Power

Pro-Choice Groups Hit Back After Denver Post Endorses Anti-Choice Gardner

Abortion rights organizations say the Denver Post's endorsement of senatorial candidate Cory Gardner contradicts the paper's long-held editorial stance on choice, among other things.

Abortion rights organizations say the Denver Post's endorsement of senatorial candidate Cory Gardner contradicts the paper's long-held editorial stance on choice, among other things. Cory Gardner for Senate/Youtube

In response to the Denver Post’s endorsement of Colorado senatorial candidate Cory Gardner, abortion rights organizations in Colorado purchased a full-page advertisement October 19 in the Post, arguing that Gardner’s positions on key issues contradict the newspaper’s editorial positions.

The endorsement, which ran last Sunday, blasted Gardner’s opponent, Sen. Mark Udall, for running an “obnoxious one-issue campaign” on women’s issues, stating that Udall has “devoted a shocking amount of energy and money trying to convince voters that Gardner seeks to outlaw birth control despite the congressman’s call for over-the-counter sales of contraceptives.”

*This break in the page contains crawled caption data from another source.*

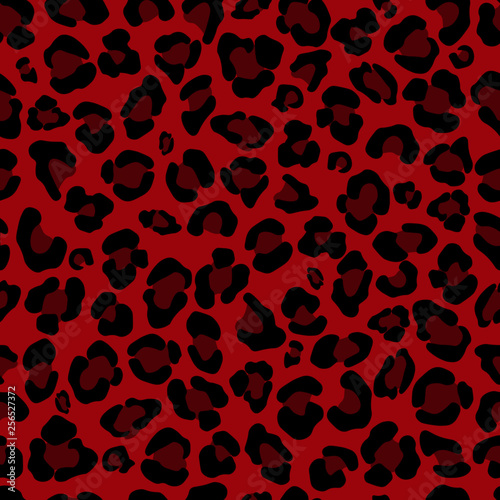 Animal print. Leopard seamless pattern. Vector illustration.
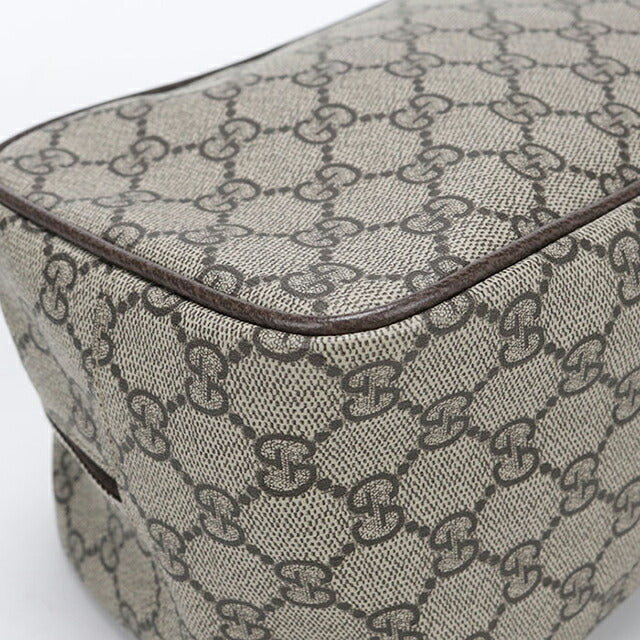 中古 グッチ クラッチバッグ メンズ ブランド GUCCI GGスプリーム ミディアム GG コスメティックケース 856041 ベージュ USDGU113837011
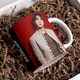 Чашка чорна хамелеон з блискітками матова Kpop BTS БТС Джин 330 мл (БТС031142) - зображення 1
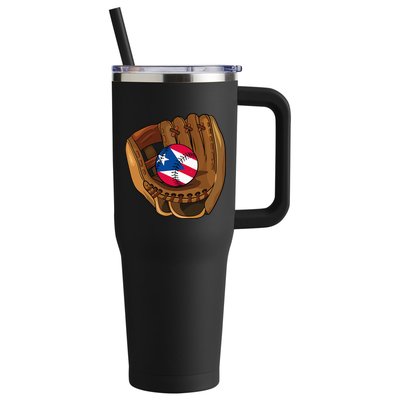 Puerto Rican Baseball Sport Puerto Rico Baseball Team 40oz Vacuum Insulated Stainless Steel Travel Tumbler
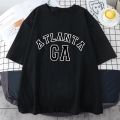 Atlanta Georgia Letter Printed Male Tee Clothing American Vintage Casual Tops Street Hip Hop Tops Trend Oversize Men T-Shirts. 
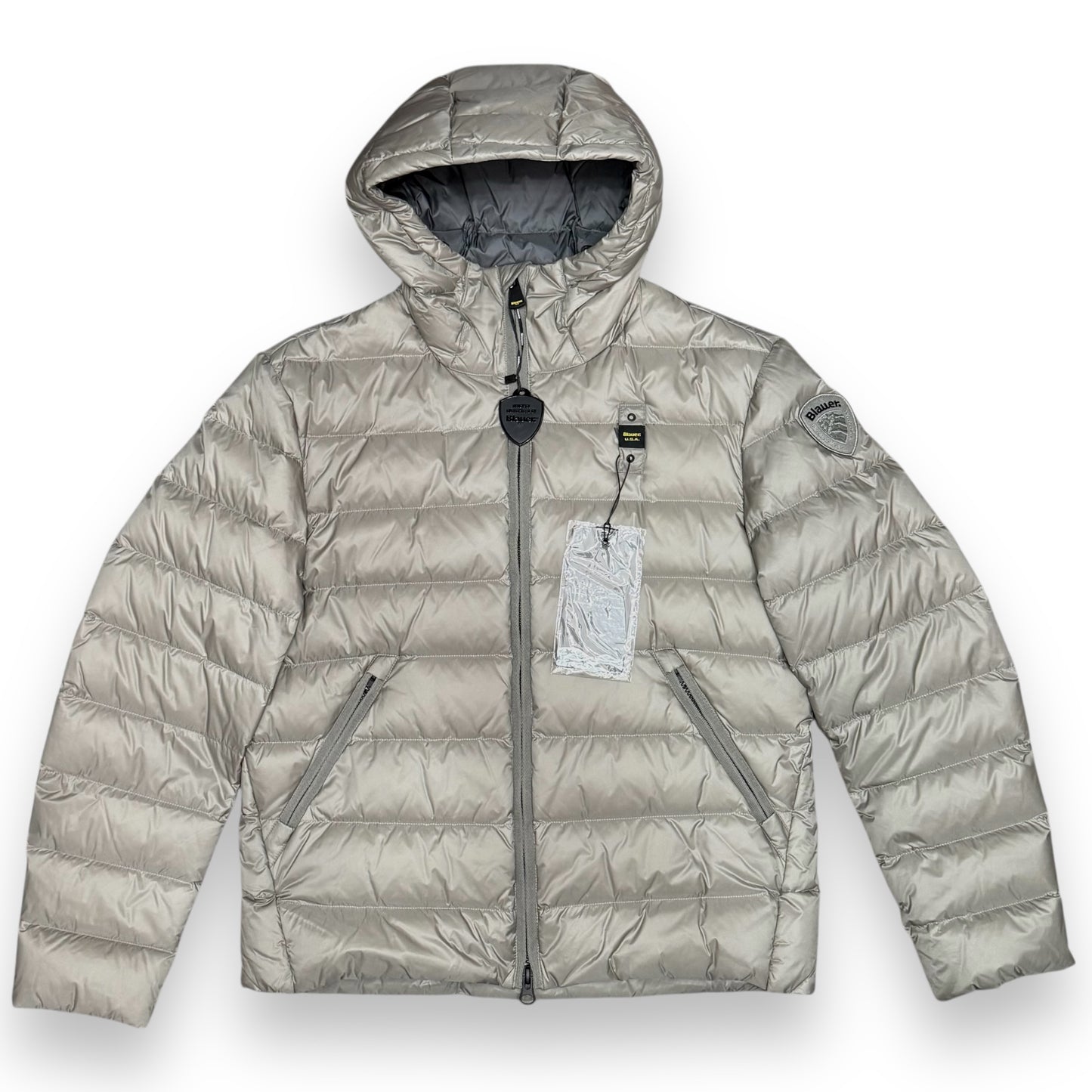 Giubbotto BLAUER, Col.Ghiaccio (imbott. Piuma - 2025)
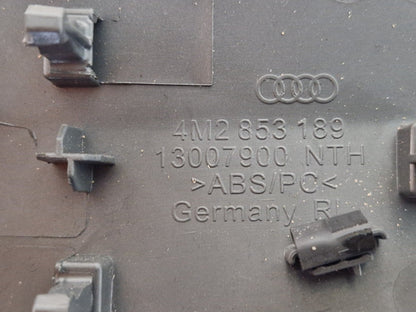 16-20 AUDI Q7 4M S-LINE GENUINE DASHBOARD TRIM PANEL 4M2853189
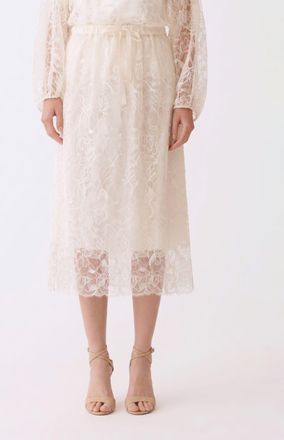 Fabiana Filippi Gonna midi in pizzo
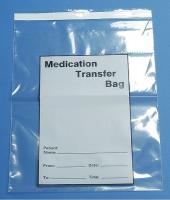 3CUF8 Biohazard Bag, Clear, 10 In. L, PK 1000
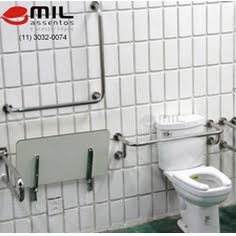 Banheiro para deficiente com NORMA NBR 9050
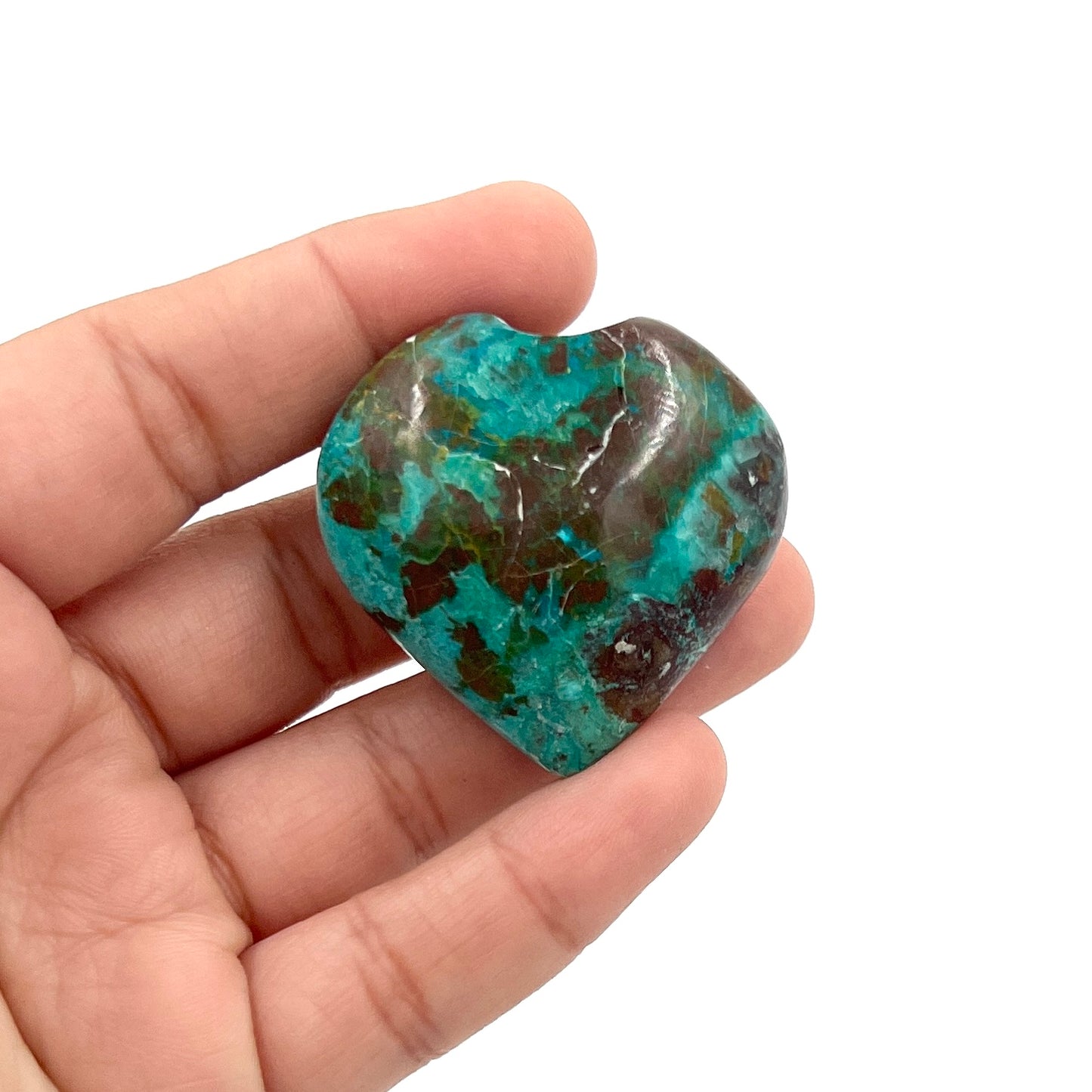 Chrysocolla Hearts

Gardner is a co-sponsor of a bill that could ban all abortion and some forms of birth control, as pointed out in Sunday’s ad, sponsored by MoveOn.org Political Action and NARAL Pro Choice America PAC.

The ad listed four editorial positions of the Denver Post: protecting a women’s right to choose, fighting global warming, supporting comprehensive immigration reform, and valuing compromise and fresh ideas.

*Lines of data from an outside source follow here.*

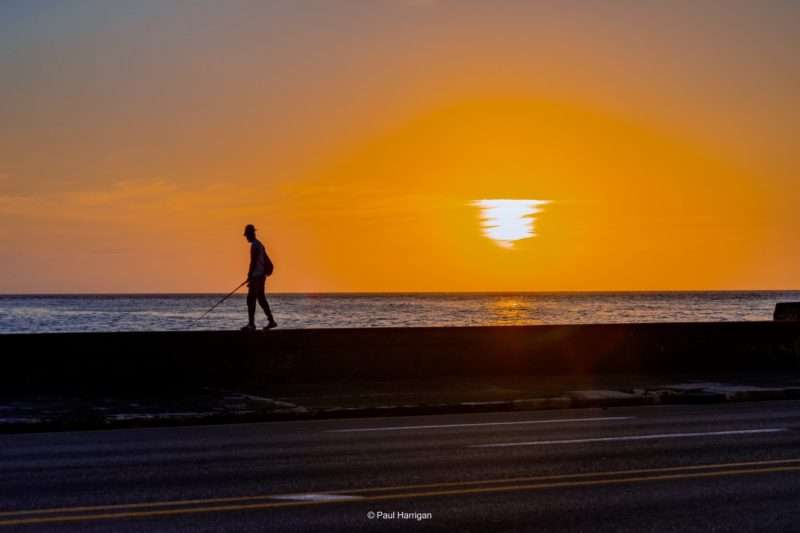 Paul Harrigan from Ireland took our photo of the day: "Fishing at sunset on the Malecon," in Havana, Cuba.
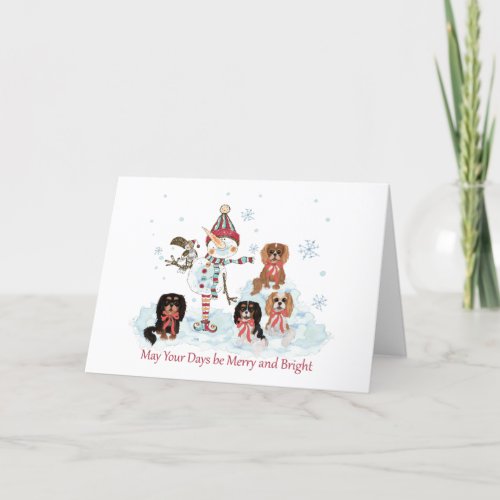 Christmas Cavalier King Charles Spaniel Cards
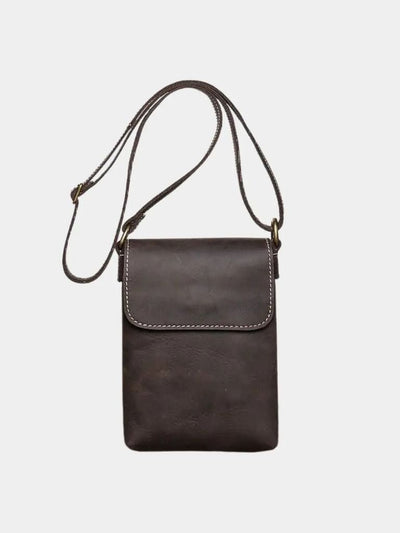 Sac à bandoulière mini en cuir pour hommes - Leviana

Then the ad stated that Gardner “still backs a bill that would ban abortion,” “voted to block progress on combating carbon pollution,” “opposes the bipartisan Senate immigration bill,” and “holds a consistently right-wing voting record in the House.”

The Post, in its endorsement of the Republican, argued that “contrary to Udall’s tedious refrain, Gardner’s election would pose no threat to abortion rights.”

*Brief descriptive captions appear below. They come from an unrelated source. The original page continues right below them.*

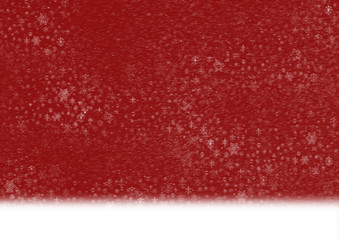 Snowfall red background with snowflake, for christmas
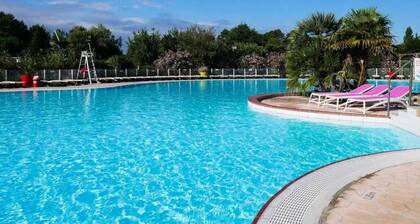 ZEcamping 4 étoiles piscine couverte club enfant locatif 28m2 8 pers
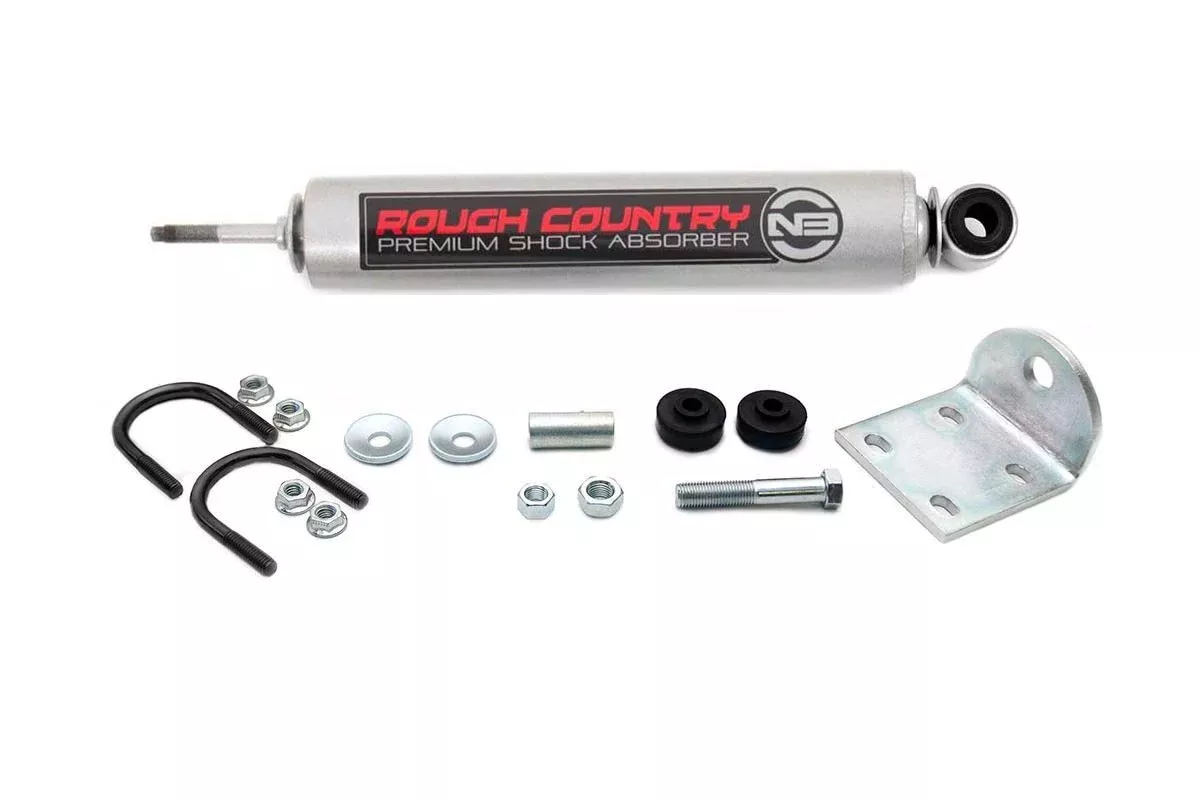 Rough Country | Steering Stabilizer | Ford Steering Stabilizer 00-05 Excursion 99-04 F-250/F-350 Super Duty Rough Country | 8748930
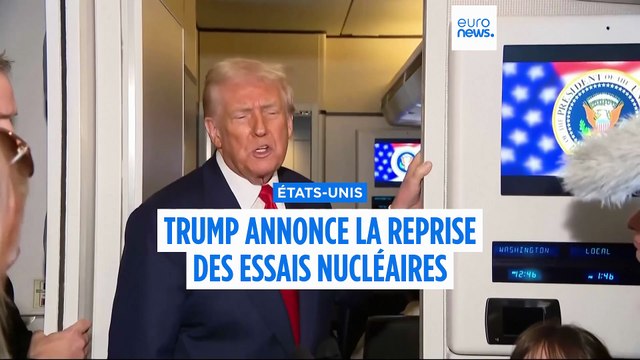Donald Trump annonce la reprise immédiate des essais nucléaires américains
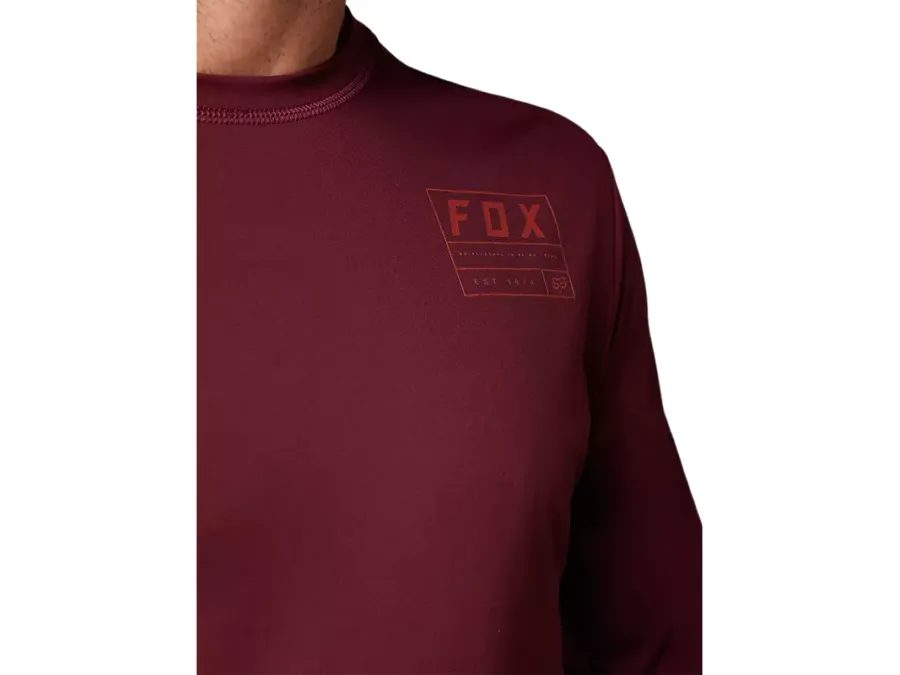 Pánský dres s dlouhým rukávem FOX RANGER SWATH, červený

Gardner is a long-standing opponent of abortion under any circumstance.

In March, however, Gardner withdrew his support for state “personhood” amendments, angering Colorado personhood organizers, though he left his name on the federal personhood bill. In Congress, he’s voted to redefine rape and defund Planned Parenthood.

During the past week, commentators from around the country joined pro-choice groups in attacking the Post’s Gardner endorsement.

In an open letter to Post Editor Gregory Moore, former Colorado Sen. Gary Hart wrote, “For you to conclude that Mr. Gardner will be anything other than a consistent vote for a Tea Party dictated agenda on the major social and economic issues of the day is confounding.”

Gardner, in a Fox News appearance over the weekend, shot back.

“Everybody knows [Gary Hart’s] claim to fame. So, I`m not too worried about what Gary Hart thinks about, and he can take his monkey business other places,” Gardner said.

The New Republic’s Danny Vinik chastised the the Post, writing that the endorsement was “baffling, because the Post doesn’t agree with Gardner on almost any issue.”

Gardner has criticized the media multiple times in recent years as being biased toward liberals, but he tweeted that he was “honored and humbled” to be endorsed by the Post.

Gardner’s race against Udall is widely considered a toss-up.